Sure, xor’ing a register with itself is the idiom for zeroing it out, but why not sub?

Raymond Chen

Matt Godbolt, probably best known for being the proprietor of Compiler Explorer, wrote a brief article on why x86 compilers love the xor eax, eax instruction.

The answer is that it is the most compact way to set a register to zero on x86. In particular, it is several bytes shorter than the more obvious mov eax, 0 since it avoids having to encode the four-byte constant. The x86 architecture does not have a dedicated zero register, so if you need to zero out a register, you’ll have to do it ab initio.

But Matt doesn’t explain why everyone chooses xor as opposed to some other mathematical operation that is guaranteed to result in a zero?
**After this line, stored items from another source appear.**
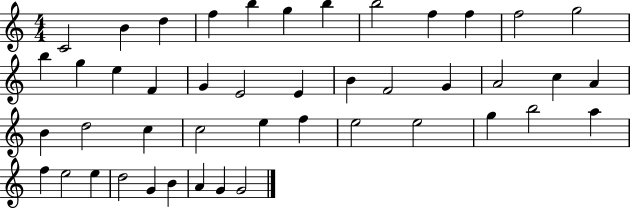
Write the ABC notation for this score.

X:1
T:Untitled
M:4/4
L:1/4
K:C
C2 B d f b g b b2 f f f2 g2 b g e F G E2 E B F2 G A2 c A B d2 c c2 e f e2 e2 g b2 a f e2 e d2 G B A G G2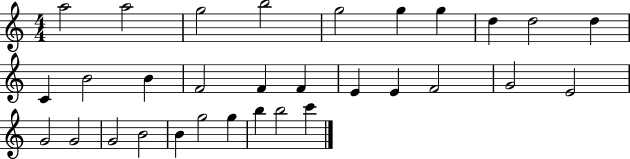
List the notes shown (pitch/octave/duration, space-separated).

A5/h A5/h G5/h B5/h G5/h G5/q G5/q D5/q D5/h D5/q C4/q B4/h B4/q F4/h F4/q F4/q E4/q E4/q F4/h G4/h E4/h G4/h G4/h G4/h B4/h B4/q G5/h G5/q B5/q B5/h C6/q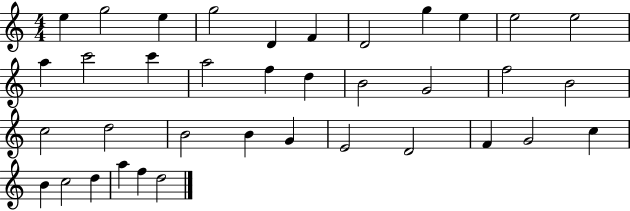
E5/q G5/h E5/q G5/h D4/q F4/q D4/h G5/q E5/q E5/h E5/h A5/q C6/h C6/q A5/h F5/q D5/q B4/h G4/h F5/h B4/h C5/h D5/h B4/h B4/q G4/q E4/h D4/h F4/q G4/h C5/q B4/q C5/h D5/q A5/q F5/q D5/h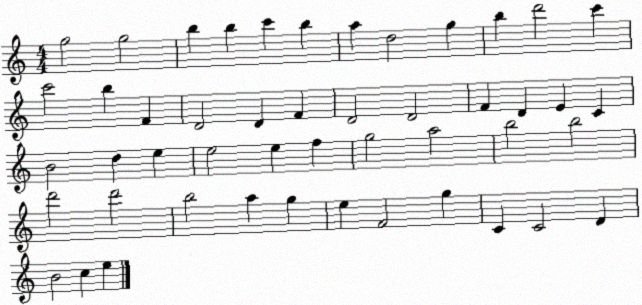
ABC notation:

X:1
T:Untitled
M:4/4
L:1/4
K:C
g2 g2 b b c' b a d2 g b d'2 c' c'2 b F D2 D F D2 D2 F D E C B2 d e e2 e f g2 a2 b2 b2 d'2 d'2 b2 a g e F2 g C C2 D B2 c e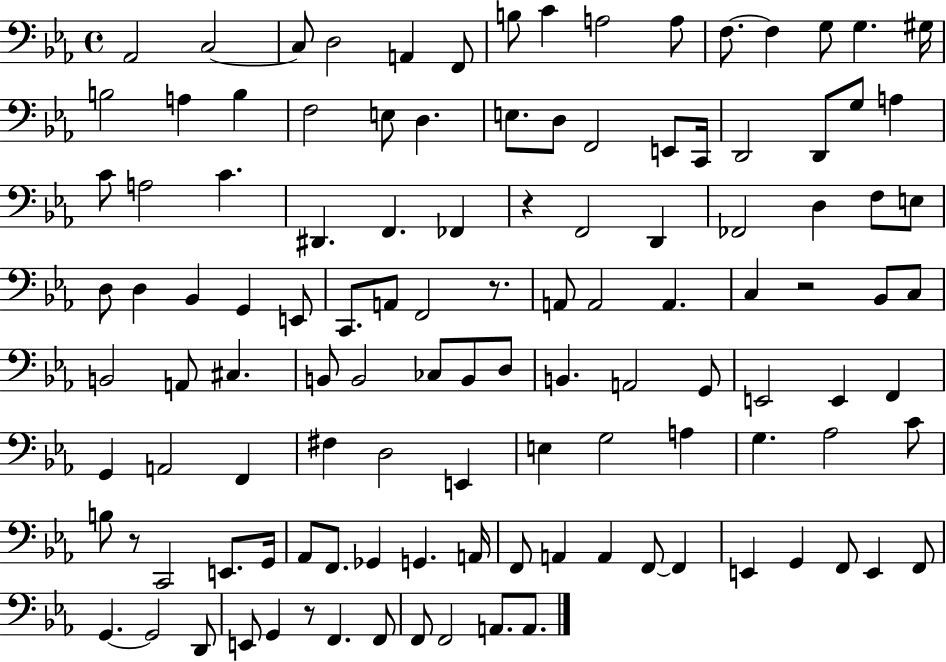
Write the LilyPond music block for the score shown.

{
  \clef bass
  \time 4/4
  \defaultTimeSignature
  \key ees \major
  \repeat volta 2 { aes,2 c2~~ | c8 d2 a,4 f,8 | b8 c'4 a2 a8 | f8.~~ f4 g8 g4. gis16 | \break b2 a4 b4 | f2 e8 d4. | e8. d8 f,2 e,8 c,16 | d,2 d,8 g8 a4 | \break c'8 a2 c'4. | dis,4. f,4. fes,4 | r4 f,2 d,4 | fes,2 d4 f8 e8 | \break d8 d4 bes,4 g,4 e,8 | c,8. a,8 f,2 r8. | a,8 a,2 a,4. | c4 r2 bes,8 c8 | \break b,2 a,8 cis4. | b,8 b,2 ces8 b,8 d8 | b,4. a,2 g,8 | e,2 e,4 f,4 | \break g,4 a,2 f,4 | fis4 d2 e,4 | e4 g2 a4 | g4. aes2 c'8 | \break b8 r8 c,2 e,8. g,16 | aes,8 f,8. ges,4 g,4. a,16 | f,8 a,4 a,4 f,8~~ f,4 | e,4 g,4 f,8 e,4 f,8 | \break g,4.~~ g,2 d,8 | e,8 g,4 r8 f,4. f,8 | f,8 f,2 a,8. a,8. | } \bar "|."
}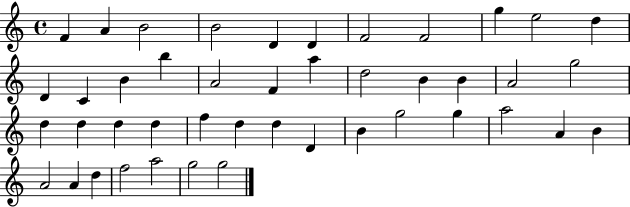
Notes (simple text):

F4/q A4/q B4/h B4/h D4/q D4/q F4/h F4/h G5/q E5/h D5/q D4/q C4/q B4/q B5/q A4/h F4/q A5/q D5/h B4/q B4/q A4/h G5/h D5/q D5/q D5/q D5/q F5/q D5/q D5/q D4/q B4/q G5/h G5/q A5/h A4/q B4/q A4/h A4/q D5/q F5/h A5/h G5/h G5/h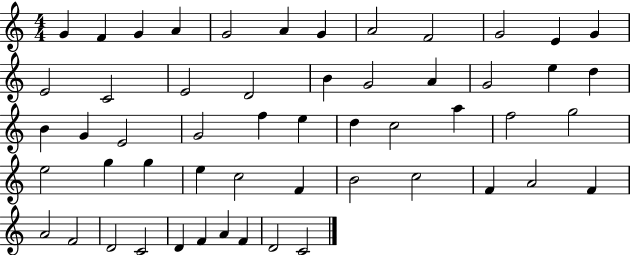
G4/q F4/q G4/q A4/q G4/h A4/q G4/q A4/h F4/h G4/h E4/q G4/q E4/h C4/h E4/h D4/h B4/q G4/h A4/q G4/h E5/q D5/q B4/q G4/q E4/h G4/h F5/q E5/q D5/q C5/h A5/q F5/h G5/h E5/h G5/q G5/q E5/q C5/h F4/q B4/h C5/h F4/q A4/h F4/q A4/h F4/h D4/h C4/h D4/q F4/q A4/q F4/q D4/h C4/h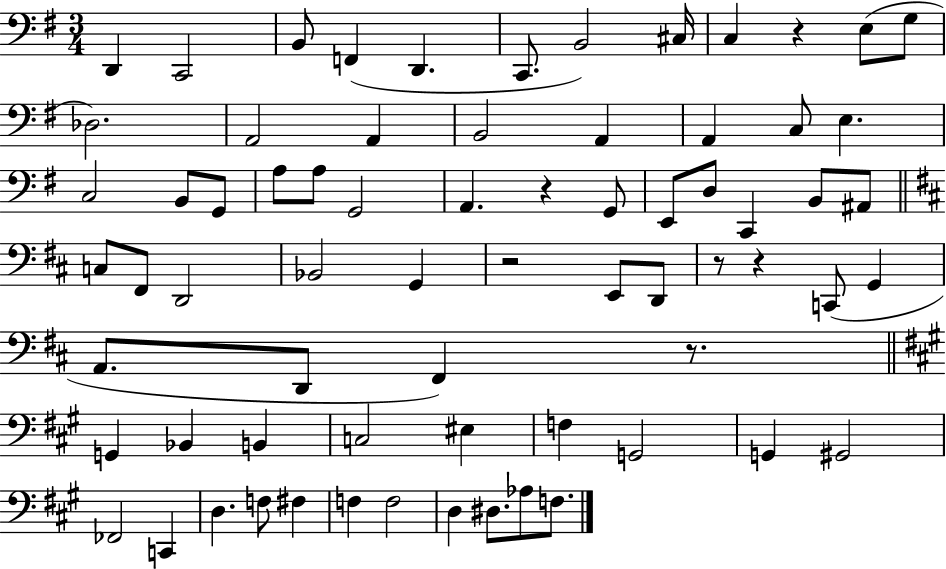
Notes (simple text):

D2/q C2/h B2/e F2/q D2/q. C2/e. B2/h C#3/s C3/q R/q E3/e G3/e Db3/h. A2/h A2/q B2/h A2/q A2/q C3/e E3/q. C3/h B2/e G2/e A3/e A3/e G2/h A2/q. R/q G2/e E2/e D3/e C2/q B2/e A#2/e C3/e F#2/e D2/h Bb2/h G2/q R/h E2/e D2/e R/e R/q C2/e G2/q A2/e. D2/e F#2/q R/e. G2/q Bb2/q B2/q C3/h EIS3/q F3/q G2/h G2/q G#2/h FES2/h C2/q D3/q. F3/e F#3/q F3/q F3/h D3/q D#3/e. Ab3/e F3/e.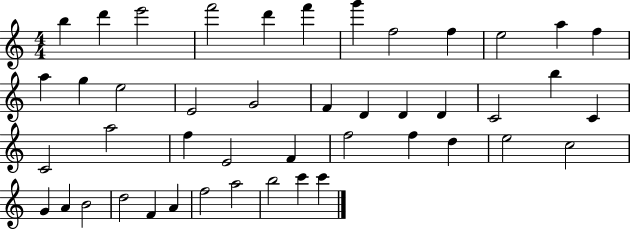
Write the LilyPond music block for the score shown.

{
  \clef treble
  \numericTimeSignature
  \time 4/4
  \key c \major
  b''4 d'''4 e'''2 | f'''2 d'''4 f'''4 | g'''4 f''2 f''4 | e''2 a''4 f''4 | \break a''4 g''4 e''2 | e'2 g'2 | f'4 d'4 d'4 d'4 | c'2 b''4 c'4 | \break c'2 a''2 | f''4 e'2 f'4 | f''2 f''4 d''4 | e''2 c''2 | \break g'4 a'4 b'2 | d''2 f'4 a'4 | f''2 a''2 | b''2 c'''4 c'''4 | \break \bar "|."
}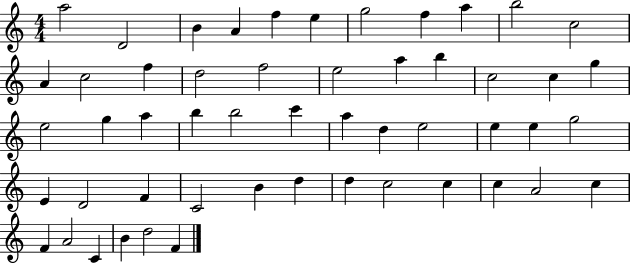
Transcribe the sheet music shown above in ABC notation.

X:1
T:Untitled
M:4/4
L:1/4
K:C
a2 D2 B A f e g2 f a b2 c2 A c2 f d2 f2 e2 a b c2 c g e2 g a b b2 c' a d e2 e e g2 E D2 F C2 B d d c2 c c A2 c F A2 C B d2 F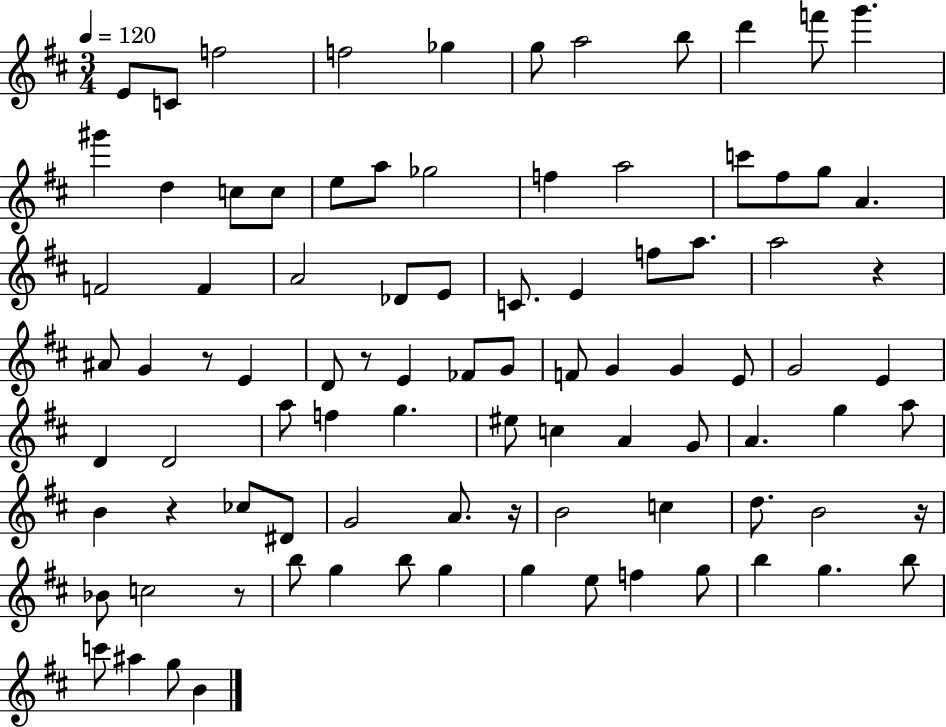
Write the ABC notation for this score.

X:1
T:Untitled
M:3/4
L:1/4
K:D
E/2 C/2 f2 f2 _g g/2 a2 b/2 d' f'/2 g' ^g' d c/2 c/2 e/2 a/2 _g2 f a2 c'/2 ^f/2 g/2 A F2 F A2 _D/2 E/2 C/2 E f/2 a/2 a2 z ^A/2 G z/2 E D/2 z/2 E _F/2 G/2 F/2 G G E/2 G2 E D D2 a/2 f g ^e/2 c A G/2 A g a/2 B z _c/2 ^D/2 G2 A/2 z/4 B2 c d/2 B2 z/4 _B/2 c2 z/2 b/2 g b/2 g g e/2 f g/2 b g b/2 c'/2 ^a g/2 B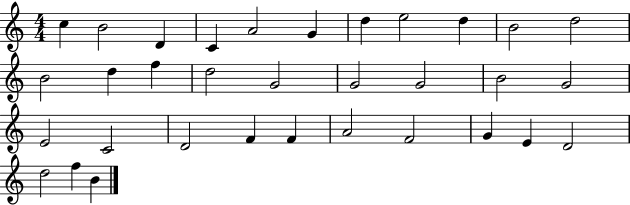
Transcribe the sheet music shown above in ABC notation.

X:1
T:Untitled
M:4/4
L:1/4
K:C
c B2 D C A2 G d e2 d B2 d2 B2 d f d2 G2 G2 G2 B2 G2 E2 C2 D2 F F A2 F2 G E D2 d2 f B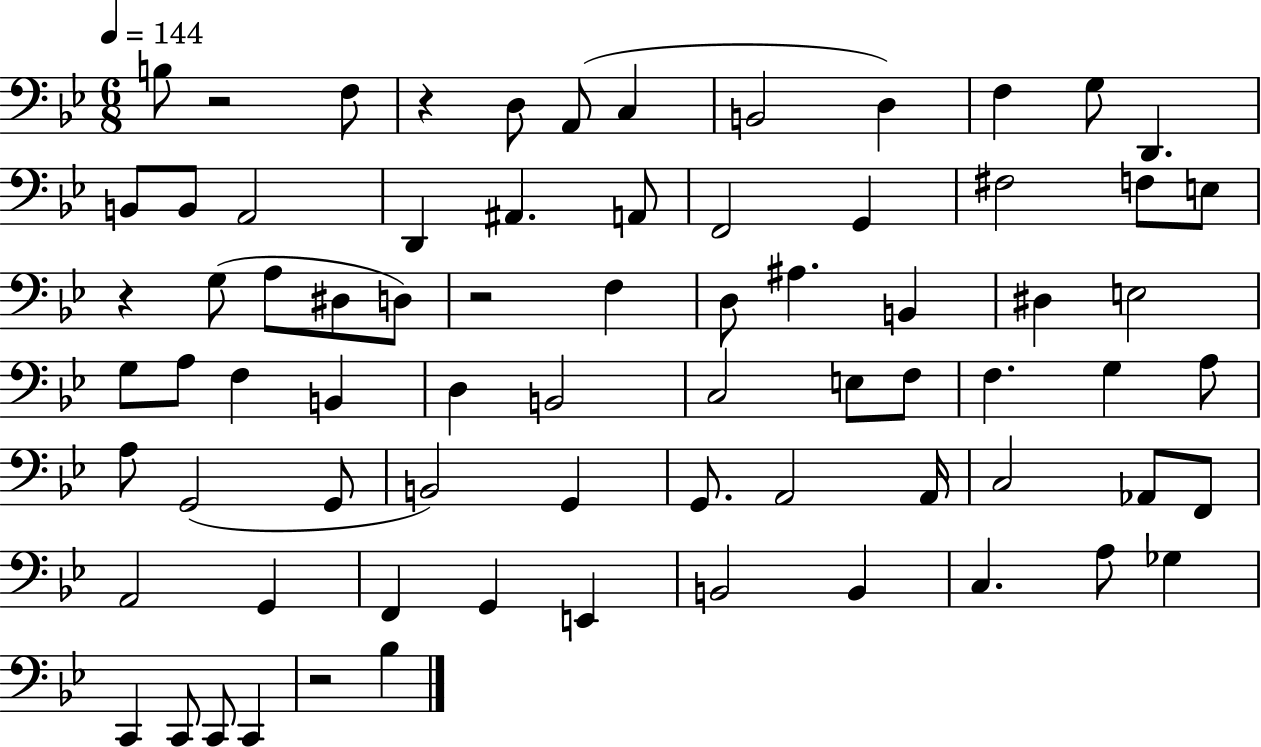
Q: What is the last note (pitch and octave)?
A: Bb3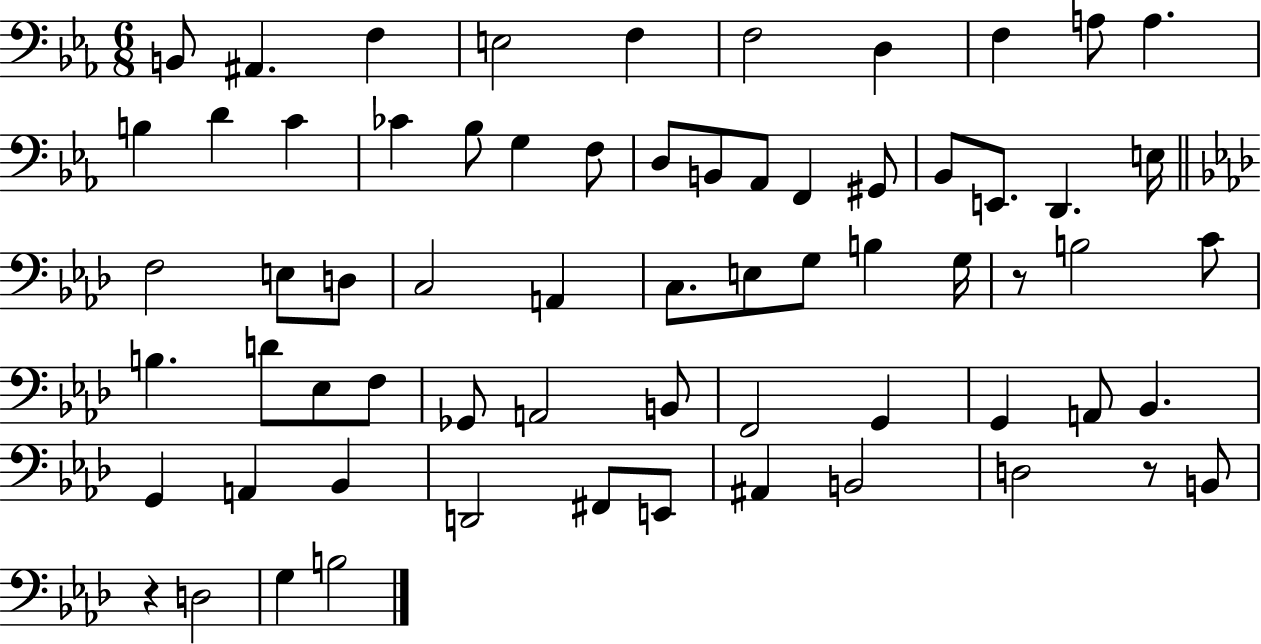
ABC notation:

X:1
T:Untitled
M:6/8
L:1/4
K:Eb
B,,/2 ^A,, F, E,2 F, F,2 D, F, A,/2 A, B, D C _C _B,/2 G, F,/2 D,/2 B,,/2 _A,,/2 F,, ^G,,/2 _B,,/2 E,,/2 D,, E,/4 F,2 E,/2 D,/2 C,2 A,, C,/2 E,/2 G,/2 B, G,/4 z/2 B,2 C/2 B, D/2 _E,/2 F,/2 _G,,/2 A,,2 B,,/2 F,,2 G,, G,, A,,/2 _B,, G,, A,, _B,, D,,2 ^F,,/2 E,,/2 ^A,, B,,2 D,2 z/2 B,,/2 z D,2 G, B,2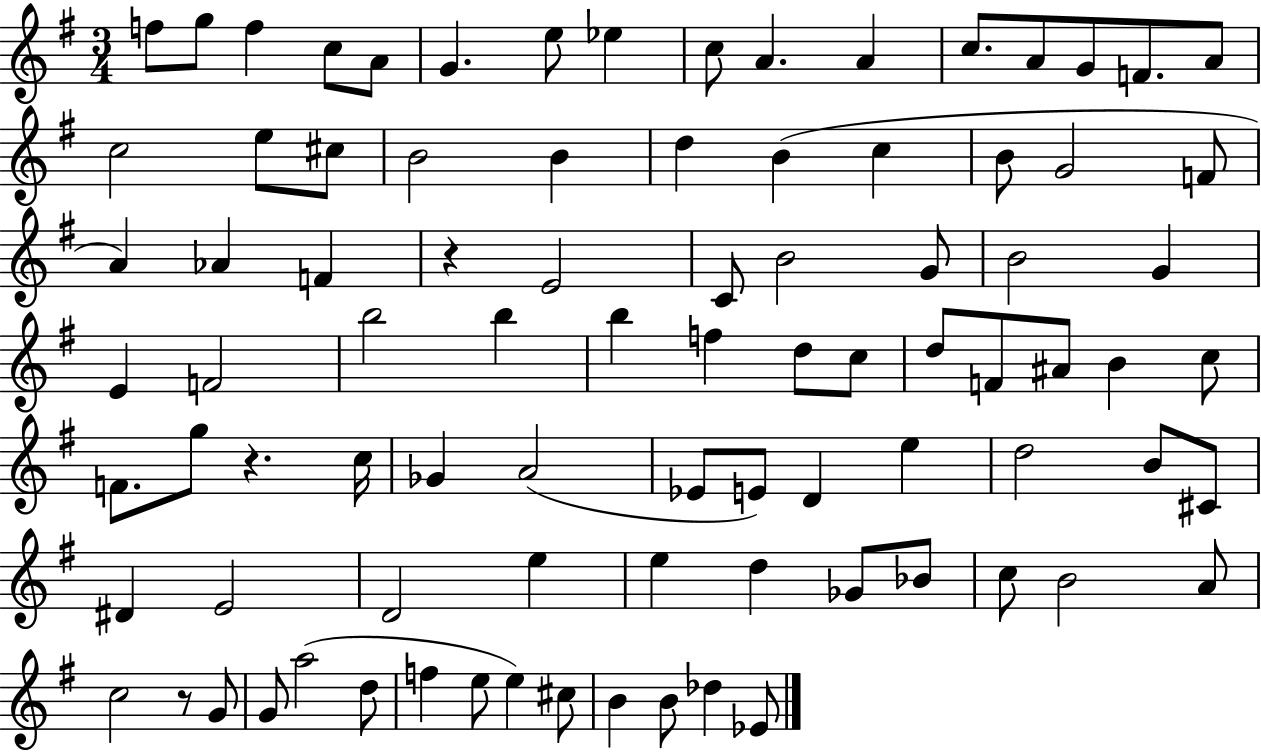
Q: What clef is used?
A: treble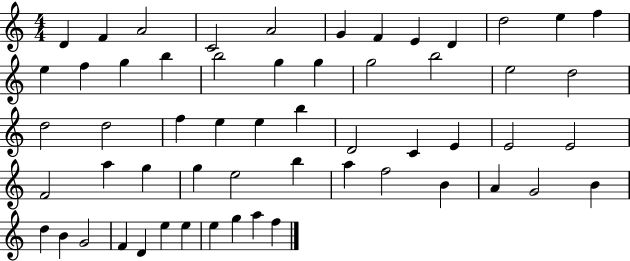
{
  \clef treble
  \numericTimeSignature
  \time 4/4
  \key c \major
  d'4 f'4 a'2 | c'2 a'2 | g'4 f'4 e'4 d'4 | d''2 e''4 f''4 | \break e''4 f''4 g''4 b''4 | b''2 g''4 g''4 | g''2 b''2 | e''2 d''2 | \break d''2 d''2 | f''4 e''4 e''4 b''4 | d'2 c'4 e'4 | e'2 e'2 | \break f'2 a''4 g''4 | g''4 e''2 b''4 | a''4 f''2 b'4 | a'4 g'2 b'4 | \break d''4 b'4 g'2 | f'4 d'4 e''4 e''4 | e''4 g''4 a''4 f''4 | \bar "|."
}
In particular, what’s wrong with sub eax, eax? It encodes to the same number of bytes, executes in the same number of cycles. And its behavior with respect to flags is even better:

	`xor eax, eax`	`sub eax, eax`
OF	clear	clear
SF	clear	clear
ZF	set	set
AF	undefined	clear
PF	set	set
CF	clear	clear

Observe that xor eax, eax leaves the AF flag undefined, whereas sub eax, eax clears it.

I don’t know why xor won the battle, but I suspect it was just a case of swarming.

In my hypothetical history, xor and sub started out with roughly similar popularity, but xor took a slightly lead due to some fluke, perhaps because it felt more “clever”.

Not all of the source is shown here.